_Entries supplied:_

= = = =

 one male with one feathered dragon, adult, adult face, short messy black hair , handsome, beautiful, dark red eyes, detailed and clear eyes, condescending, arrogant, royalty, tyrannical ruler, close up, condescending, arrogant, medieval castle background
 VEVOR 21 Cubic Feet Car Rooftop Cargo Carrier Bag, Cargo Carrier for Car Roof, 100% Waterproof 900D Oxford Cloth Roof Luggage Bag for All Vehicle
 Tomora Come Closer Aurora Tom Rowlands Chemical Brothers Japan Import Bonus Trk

= = = =

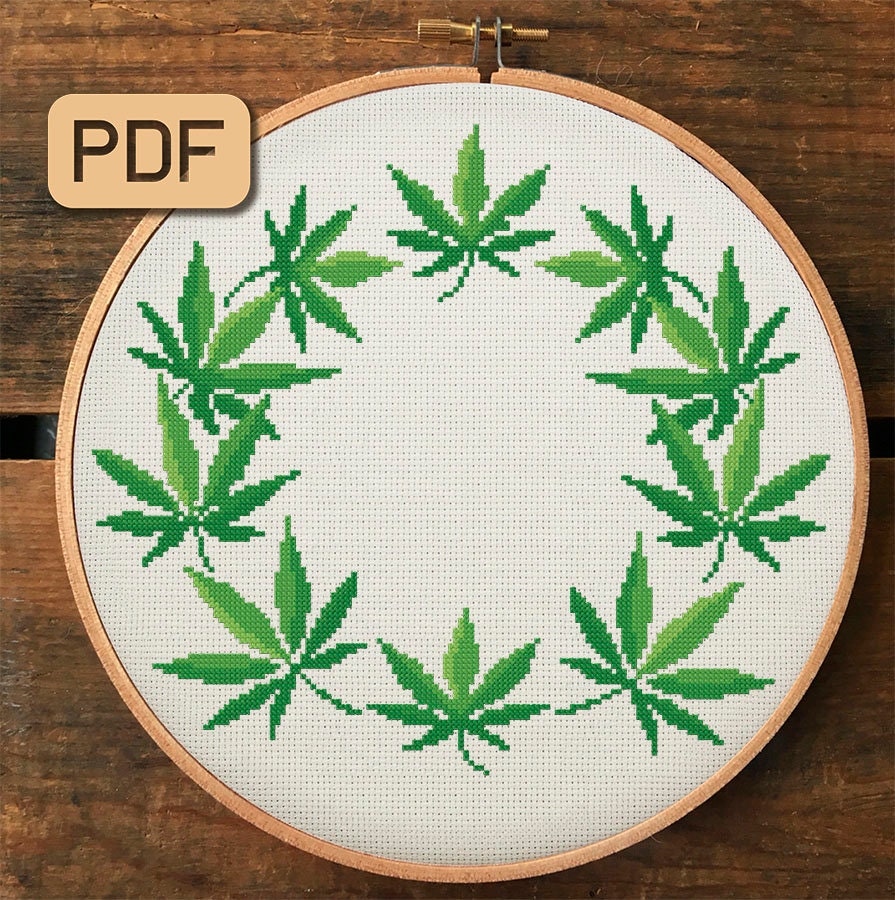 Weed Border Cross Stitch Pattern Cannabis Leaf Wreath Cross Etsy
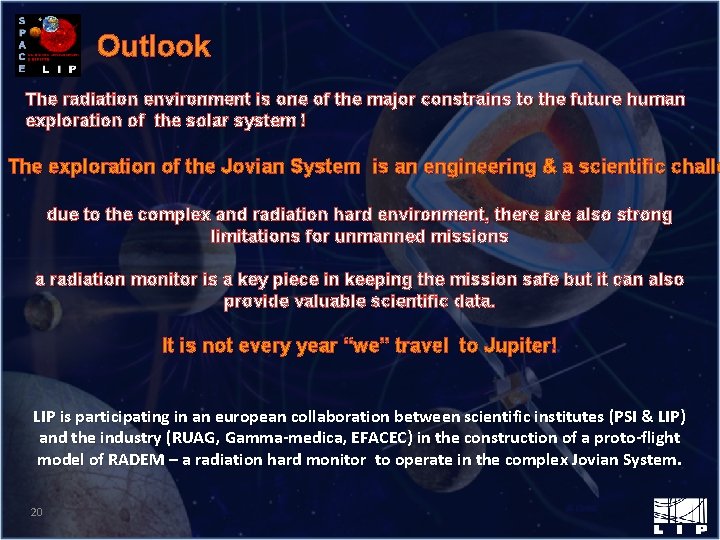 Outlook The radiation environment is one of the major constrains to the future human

= = = =

_Aim of the task:_
Only those lines of the entries above that run from the line containing "VEVOR 21 Cubic" to the line containing "Tomora Come Closer", both included, should be transcribed exactly.

_Exercise solution:_
 VEVOR 21 Cubic Feet Car Rooftop Cargo Carrier Bag, Cargo Carrier for Car Roof, 100% Waterproof 900D Oxford Cloth Roof Luggage Bag for All Vehicle
 Tomora Come Closer Aurora Tom Rowlands Chemical Brothers Japan Import Bonus Trk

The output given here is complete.